■ **TASK GOAL**: Please return every line of the material verbatim and skip any images.

■ **DATA EXCERPT**:
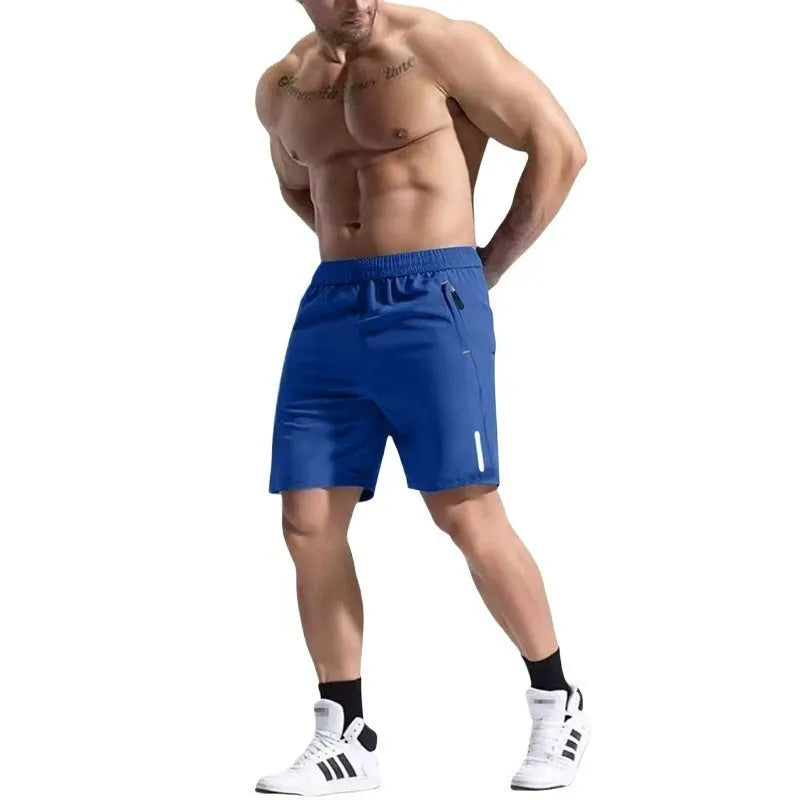 Men's grey elastic waist sports shorts made from a bamboo fibre blend fabric.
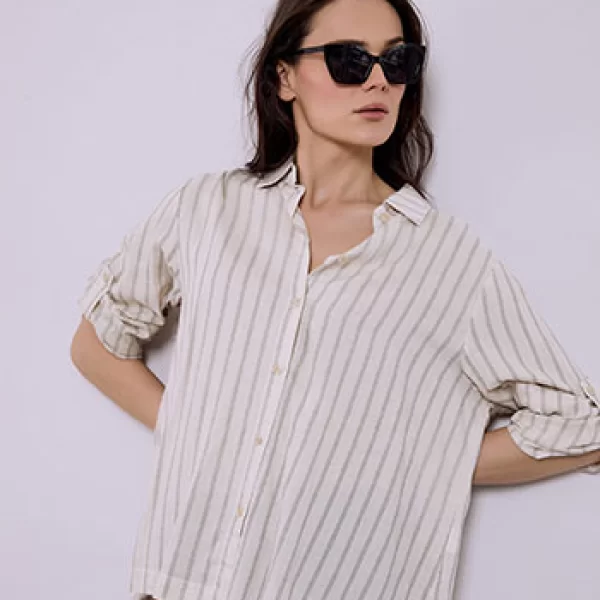 Πουκάμισο ριγέ ασύμμετρο SQ7948.3135+1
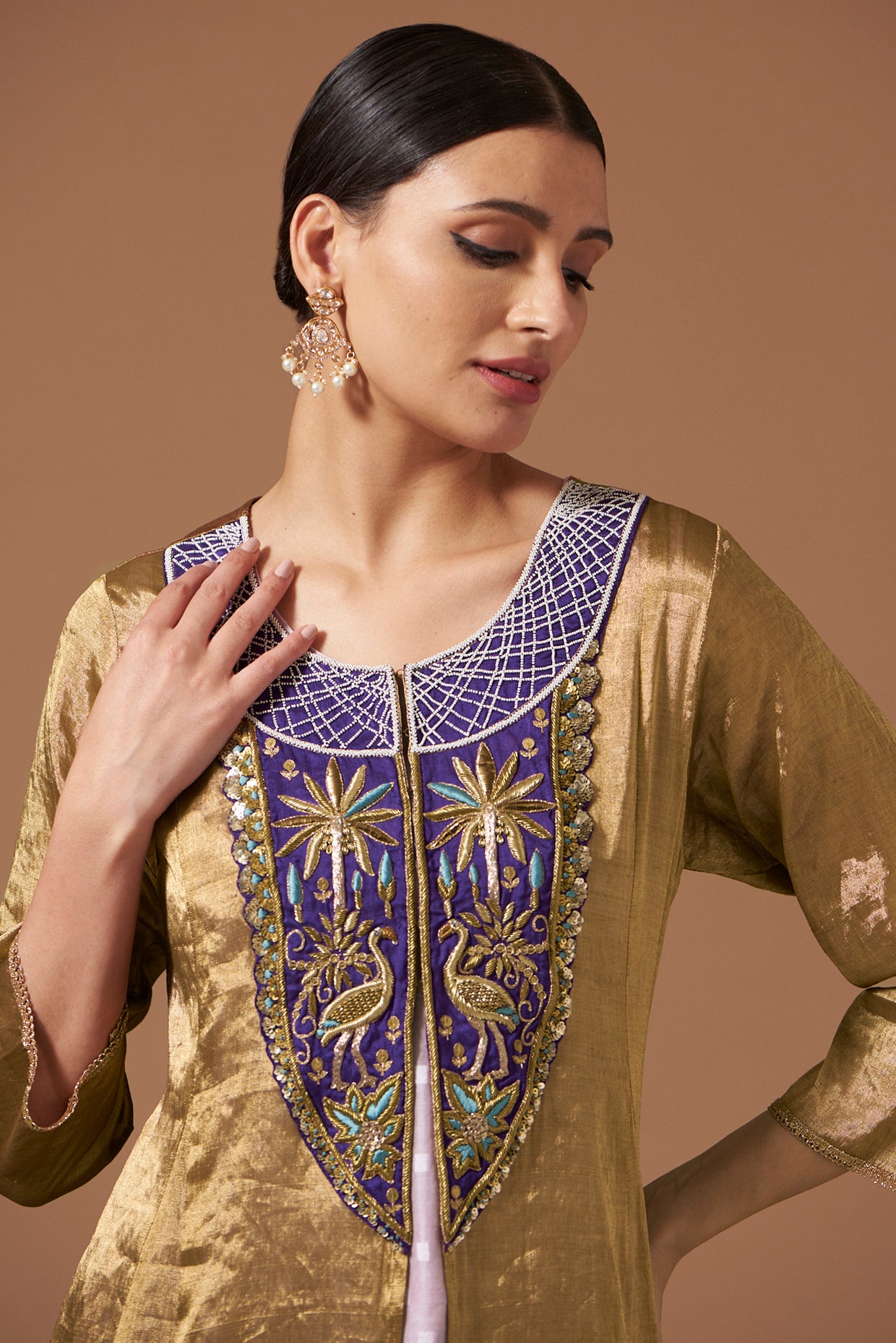 Gold Tissue Cape and Pants with Jaquard Chanderi Inner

■ **EXPECTED OUTPUT**:
 Men's grey elastic waist sports shorts made from a bamboo fibre blend fabric.
 Πουκάμισο ριγέ ασύμμετρο SQ7948.3135+1
 Gold Tissue Cape and Pants with Jaquard Chanderi Inner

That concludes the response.